Significant Lao Military Events During the 2nd Indochina War

Background: Laos is a multiethnic landlocked country in the heart of Indochina. It borders Burma, China, Vietnam, Cambodia, and Thailand. Half to two-thirds of the population are lowland Lao (Lao Loum) who historically have held the political and economic reins. Among the different hill tribe groups are Lao Theung, Lao Soung (which includes the Hmong, and Yao-Mien), and the tribal T’ai (Black T’ai, Red T’ai, White T’ai). These tribal groups include subgroups. Relations among the different ethnicities have been often less than amicable. In 1893 Laos became a French protectorate. Its main cities are Luang Prabang, the royal capital in the northern region, Vientiane on the Mekong near the Thai border, Savannakhet in central Laos on the Mekong, and Pakse in the southern provinces. The French granted Laos autonomy in 1949 and independence in 1953 as a constitutional monarchy as an associated state within the French Union.
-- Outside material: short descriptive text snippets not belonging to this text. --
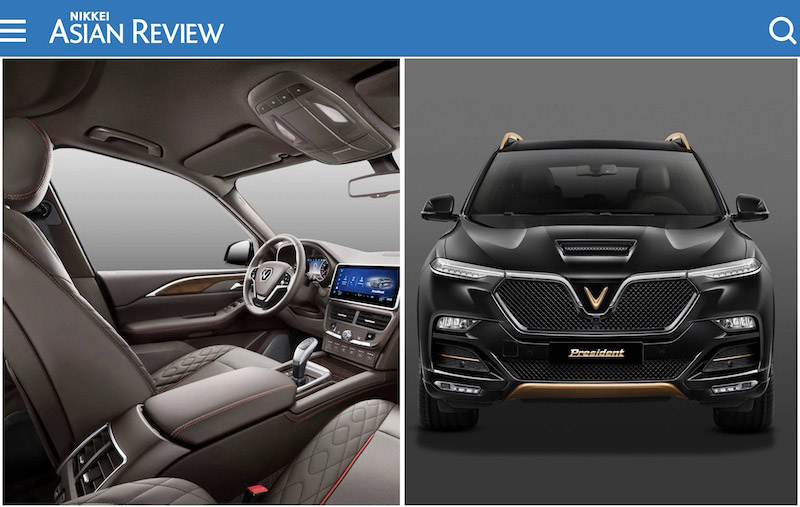 Hình ảnh nội thất và ngoại thất của mẫu xe VinFast President xuất hiện trên tờ Nikkei Asean Review.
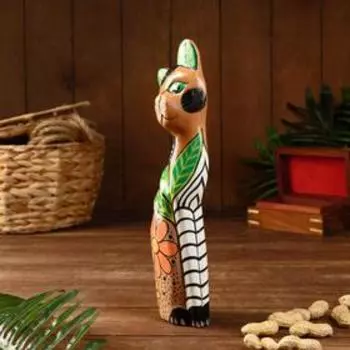 Сувенир "Кошка-цветочек" дерево 8х4х30 см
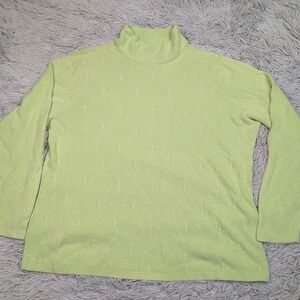 Vintage Studio Works Sweater Womens 1X Green Preppy Soft Comfort Casual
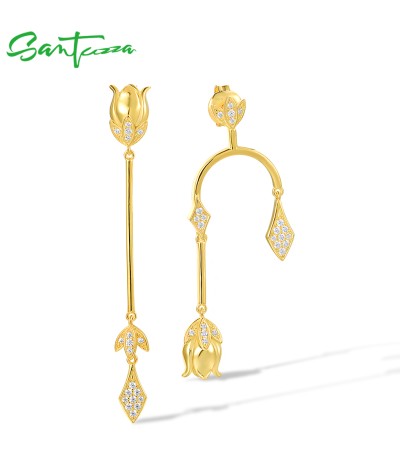 SANTUZZA 925 Sterling Silver Earrings White CZ Tulip Flower Tassels Fine Jewelry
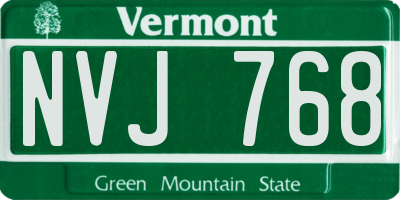VT license plate NVJ768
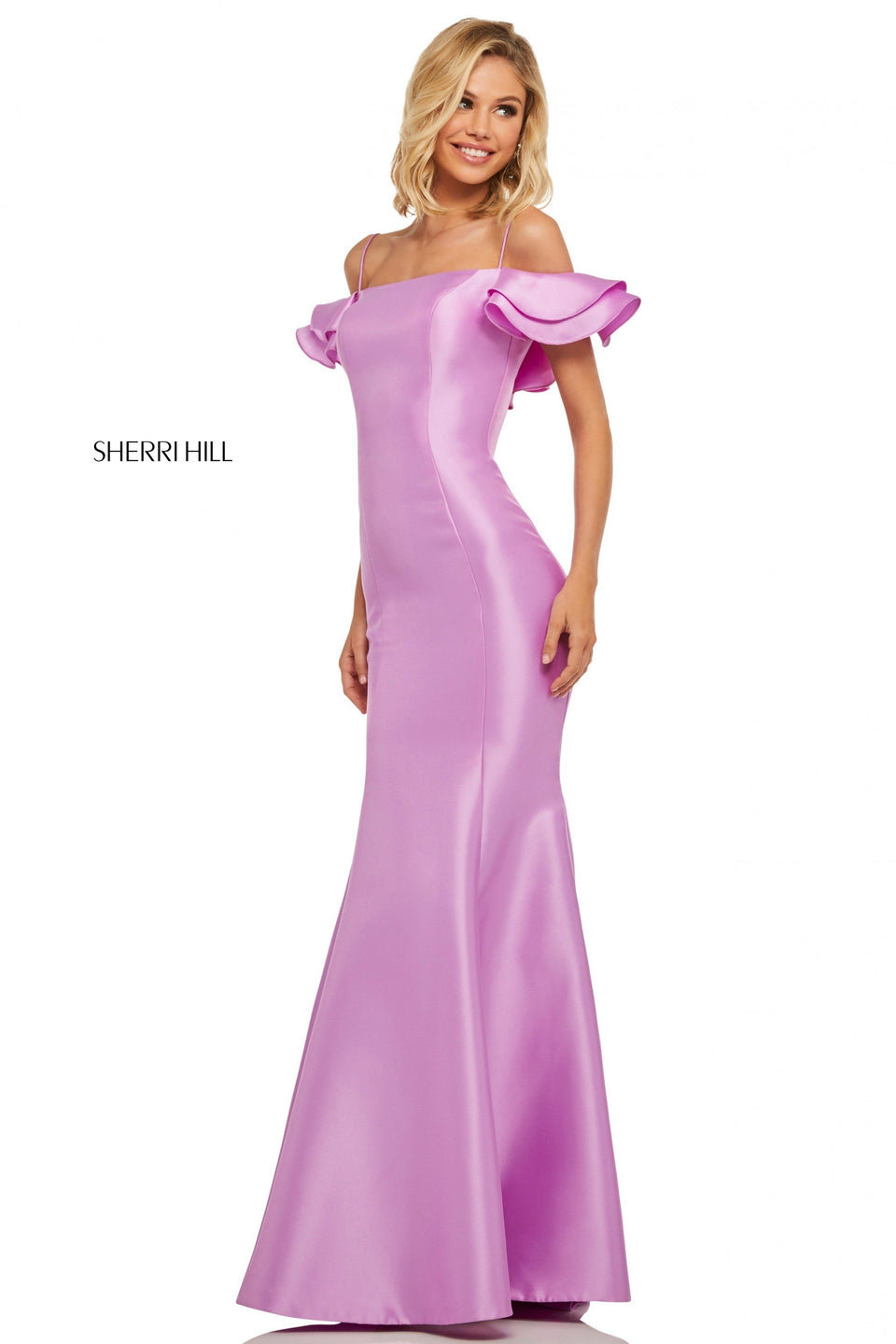 Sherri Hill Mikado Mermaid Dress With Ruffled Off-the-shoulder Neckline And Cut Out Back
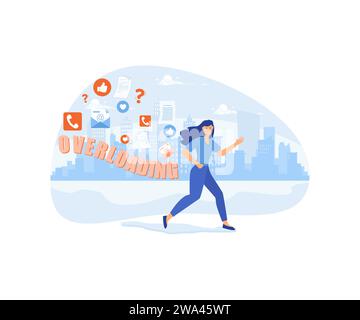 Informations de surcharge. Jeune femme fuyant le flux d'information. illustration moderne vectorielle plate Illustration de Vecteur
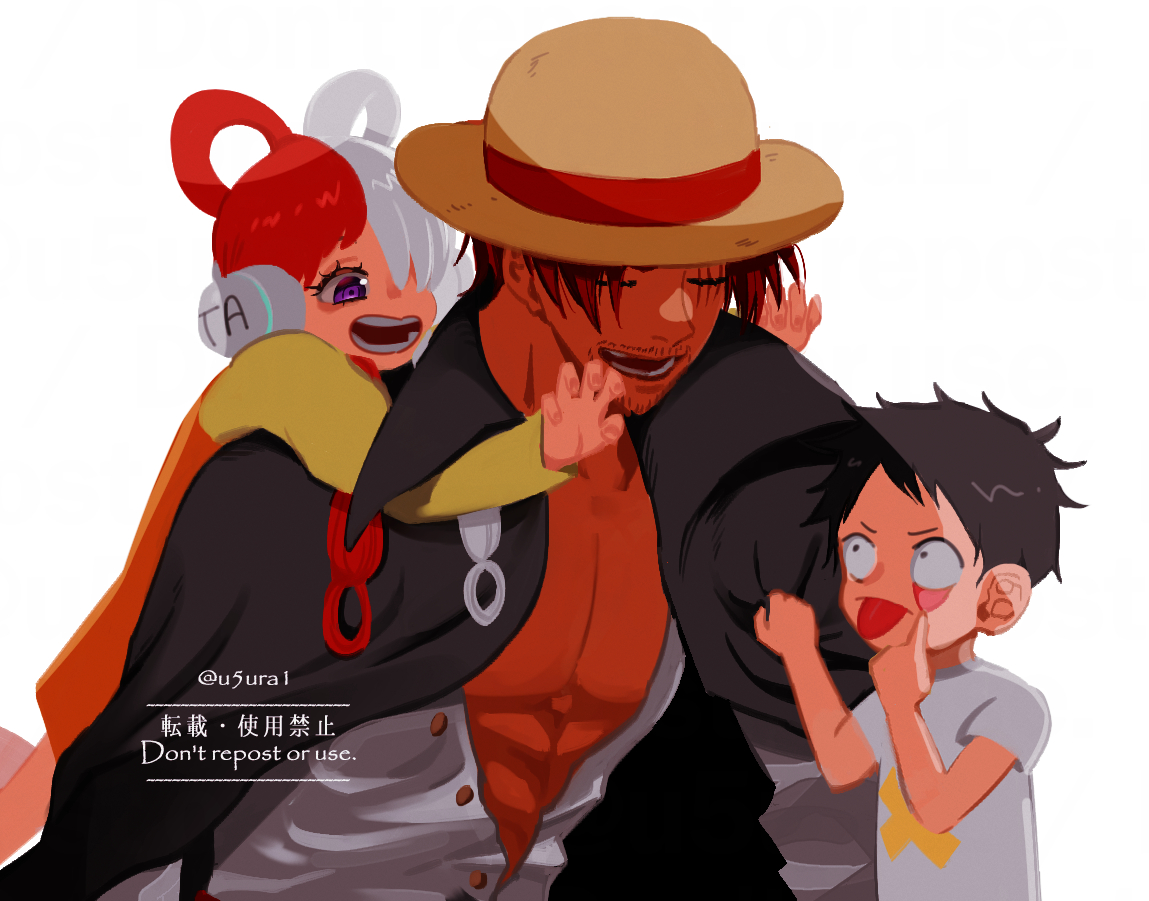 monkey d. luffy multiple boys 1girl red hair black hair hat 2boys facial hair  illustration images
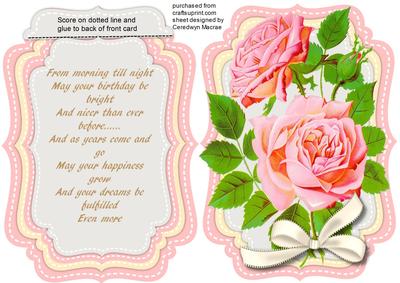 Tent Card with Verse and Pink Roses 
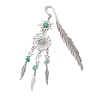 Alloy Sun & Woven Net/Web with Feather Charms Bookmarks AJEW-JK00368-3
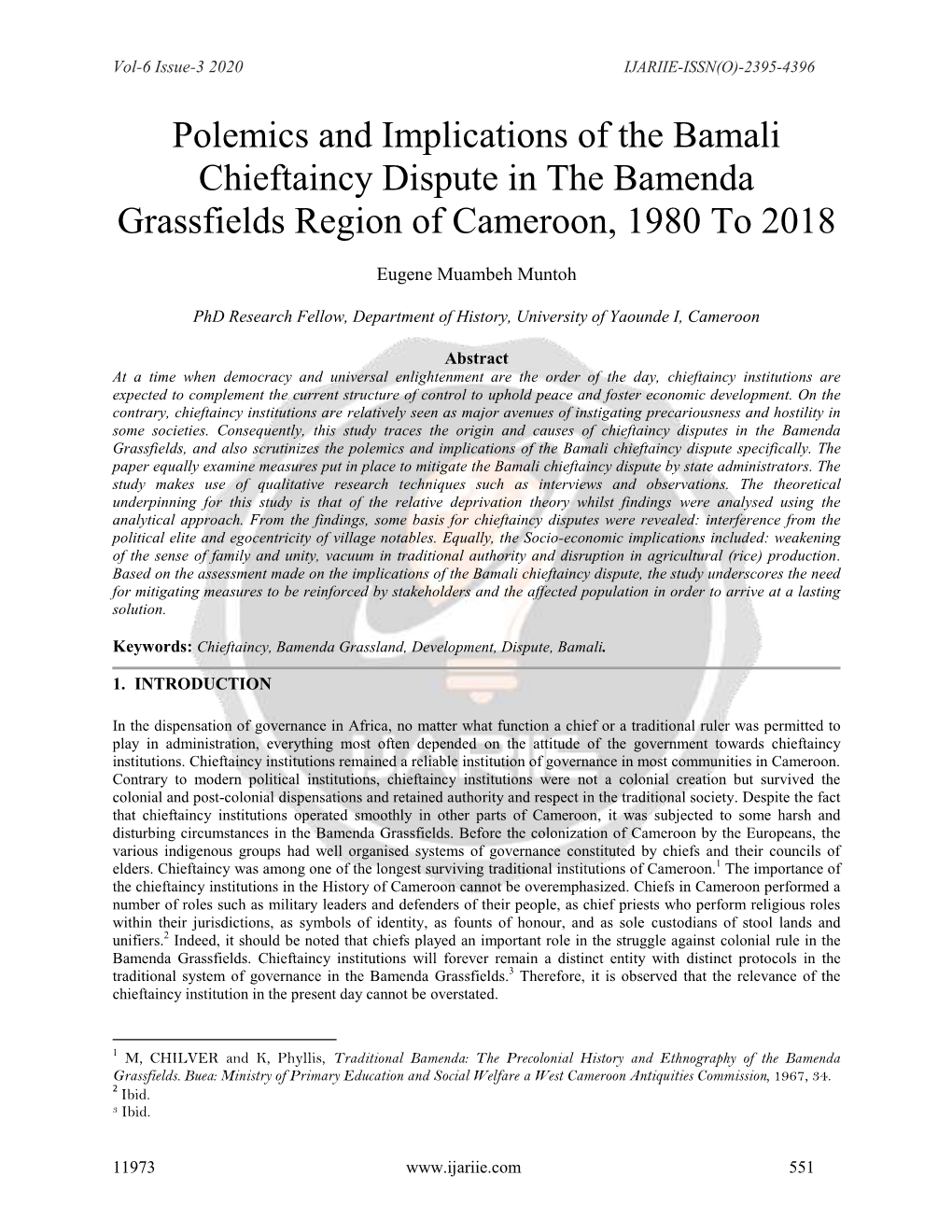 Polemics and Implications of the Bamali Chieftaincy Dispute in the Bamenda Grassfields Region of Cameroon, 1980 to 2018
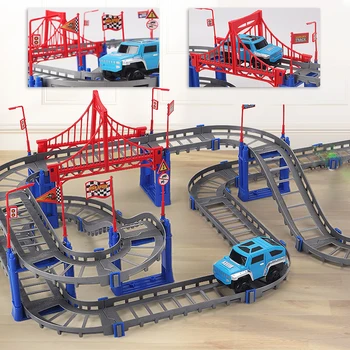 Laste Erinevaid Monteeritud Raudtee Auto DIY Puzzle Varajase Hariduse Double-layer Linna Raudtee Viadukt Elektrilised Rongi Mudel Mänguasjad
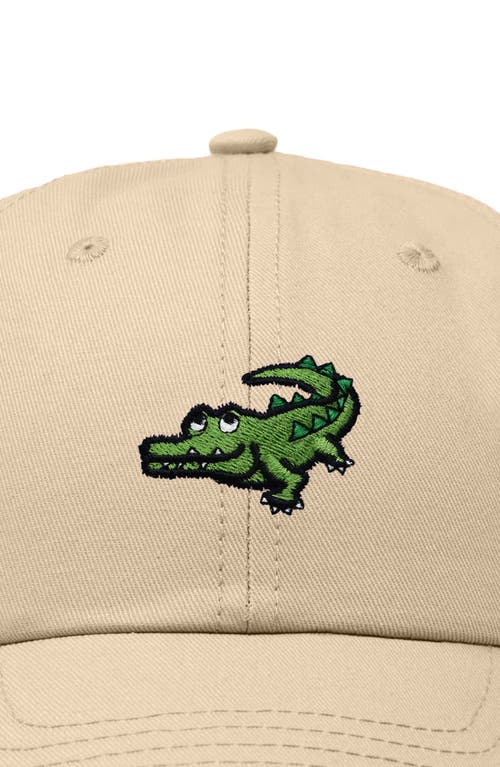 Dalix Alligator Embroidered Wildlife Cap In Khaki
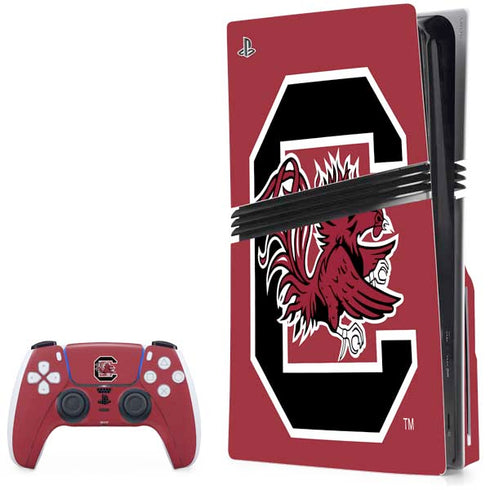University of South Carolina Gamecocks Logo Red PS5 Pro Disk Bundle Skin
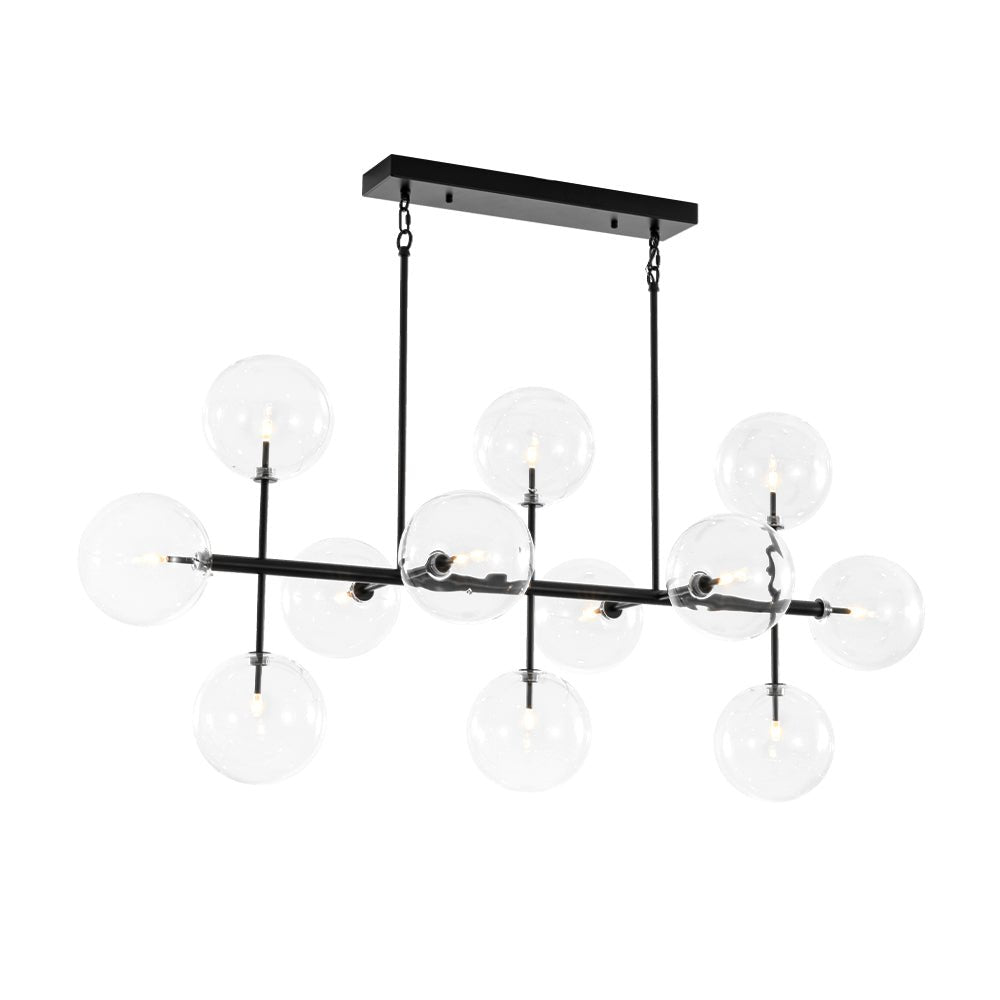 12-Light Sputnik Glass Globe Bubble Linear Island Chandelier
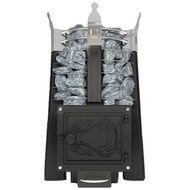 Дровяная банная печь Добросталь Августа Стоун со стандартной топочной дверцей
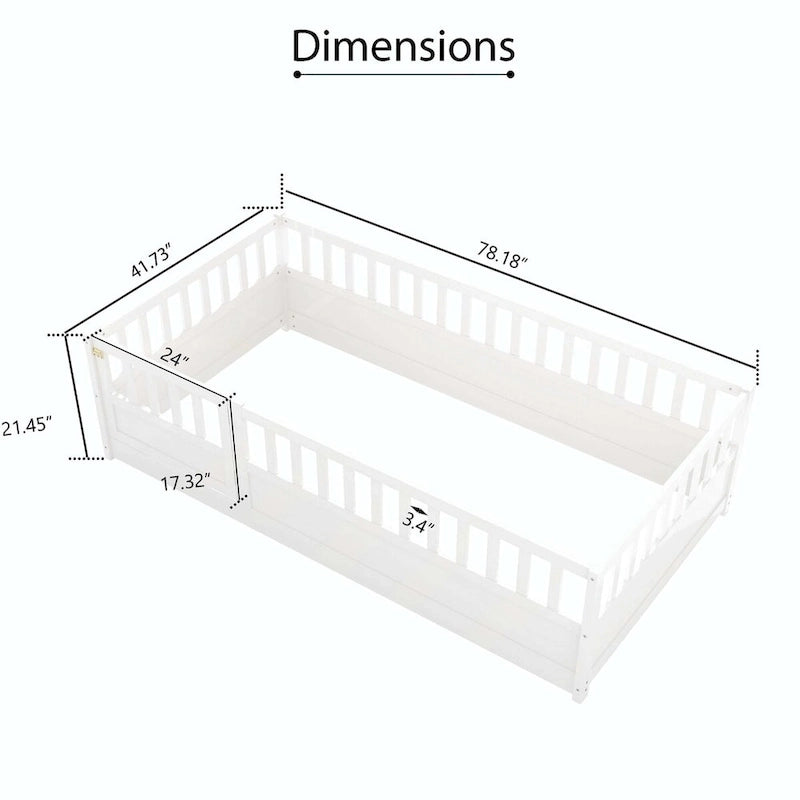 Montessori wooden children's floor bed without Support slat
July. France granted the Royal Lao Government (RLG) right to form the Lao National Army (ANL), though one led by French commanders. With French and then American assistance the Lao faced the onerous task of developing a functioning army as Laos, having been a French possession, had not cultivated a professional officer corps. ANL subsequently got renamed the Lao Armed Forces (Forces Armées du Laos or FAL – 1959-61) and then Royal Armed Forces (Forces Armées Royales or FAR – 1961-1975).


Vietnamese Communists formed a Lao resistance group, the Pathet Lao, in Sam Neua Province in northeast Laos.



December. US began supplying weapons via France to the ANL.



French airborne cadre organized minority Hmong hill tribesmen in northern Laos under direction of an intelligence organization, the Groupe de Commandos Mixtes Aéroportés (GCMA, or Mixed Airborne Commando Group). The GCMA was successful in intelligence gathering and in seizing territory from the Pathet Lao. The French GCMA program also organized North Vietnam hill tribesmen against the Vietminh.

Toward end of the year and into 1954 the French reinforced a valley junction Dien Bien Phu to prevent Vietminh invasion into northern Laos.



May. Vietminh besieged and defeated French forces at Dien Bien Phu, with logistical support from the People’s Republic of China.

July. Following months of peace talks, the Geneva Accords resulted in French withdrawal from Indochina and independence for her former possessions: Vietnam (partitioned into northern and southern zones); France had granted Laos and Cambodia independence in 1953.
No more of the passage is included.